I giovani incalzano: “Inoltre il progetto di annessione negherebbe il diritto all’autodeterminazione del popolo palestinese. A sostegno di questa tesi si possono leggere numerosi pareri, tra cui, oltre a quello del Segretario Generale delle Nazioni Unite, quello dei 47 esperti di diritto internazionale ascoltati dalla Commissione dei diritti umani delle Nazioni Unite, o l’appello di 271 professori di diritto internazionale di tutto il mondo”. 

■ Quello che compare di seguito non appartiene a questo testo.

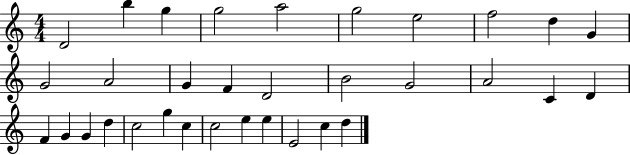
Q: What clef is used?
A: treble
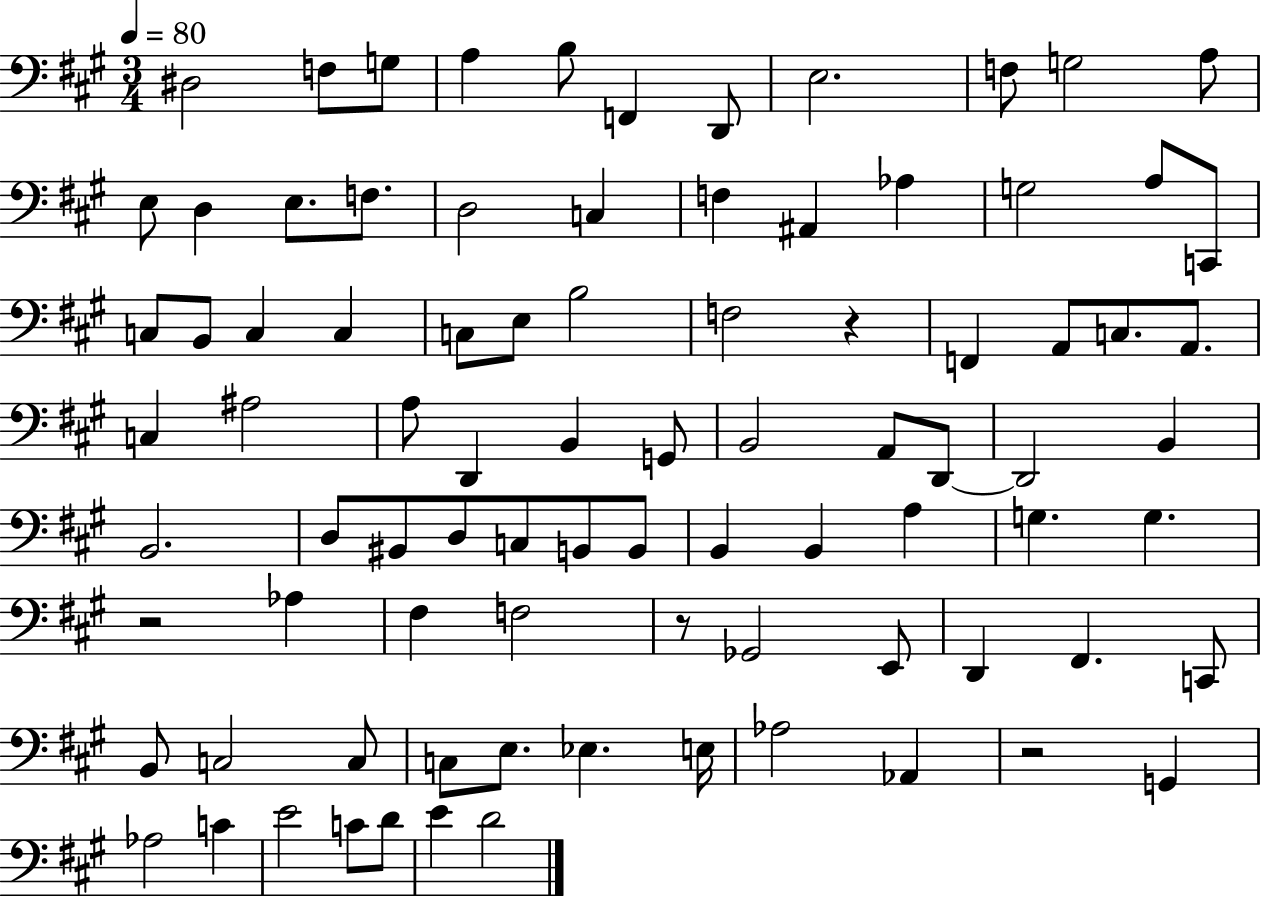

Qui la menzogna è eclatante. Il 95% della popolazione palestinese rimarrebbe amministrata dall’Autorità Nazionale Palestinese. Il fatto che 47 “esperti” affermino ciò non conferisce all’affermazione un valore decisivo. Sarebbe di non poco interesse conoscere i curricula degli esperti citati e capire con quale criteri sono stati selezionati dalla Commissione dei Diritti Umani dell’ONU, che ha tra i suoi Stati aderenti, Venezuela, Arabia Saudita, Cuba, Egitto, Cina, Burundi, Emirati arabi, Ruwanda e il quale si occupa, tramite l’Articolo 7, esclusivamente delle presunte violazioni di Israele in Cisgiordania. Dalla sua istituzione ad oggi ha emesso più di settanta risoluzioni avverse a Israele e solo sette che hanno preso di mira l’Iran, ma per la gioventù ebraica contro l'”annessione”, si tratta di commissione dal pedigree autorevole.

Il meglio ci è, però, riservato dal finale.

Il progetto di annessione consoliderebbe la condizione in cui i cittadini israeliani godono di pieni diritti civili e politici, mentre la popolazione palestinese, all’interno di quei territori, non può esercitare i diritti più basilari e in particolare il diritto alla proprietà, l’accesso all’acqua e la libertà di movimento”.

Se l’estensione della sovranità di Israele su alcune parti della Cisgiordania significasse “consolidare” i diritti civili degli ebrei mentre gli arabi non potrebbero godere dei diritti basilari, ciò vorrebbe dire che Israele, il quale vi estenderebbe leggi già applicate nel resto del paese, di fatto è dotato di un sistema discriminatorio, un sistema di apartheid. Le giovani e i giovani ebrei non usano questo termine, ma è sottointeso in modo evidente dalle affermazioni esorbitanti secondo la quale all’interno dei territori della Cisgiordania, amministrati secondo le disposizioni congiunte arabe-israeliane degli Accordi di Oslo del 1993-1995, i palestinesi non avrebbero diritto né alla proprietà, né all’acqua e non sarebbero liberi di muoversi liberamente. Come è, noto, l’ingresso in Israele dei palestinesi residenti nei territori, nulla ha a che fare con la discriminazione ma è esclusivamente disciplinato  in funzione della legalità e della sicurezza.

In conclusione. Ancora una volta ci troviamo al cospetto di un cumulo di falsità, deformazioni e omissioni. Quanto siano in buona o malafede non è dato saperlo, ma una cosa è certa, l’unico modo in cui è possibile offrire proposte utili che possano essere sia a vantaggio di Israele che degli arabi palestinesi è uscire dal vicolo cieco della demagogia e della propaganda e aderire ai fatti.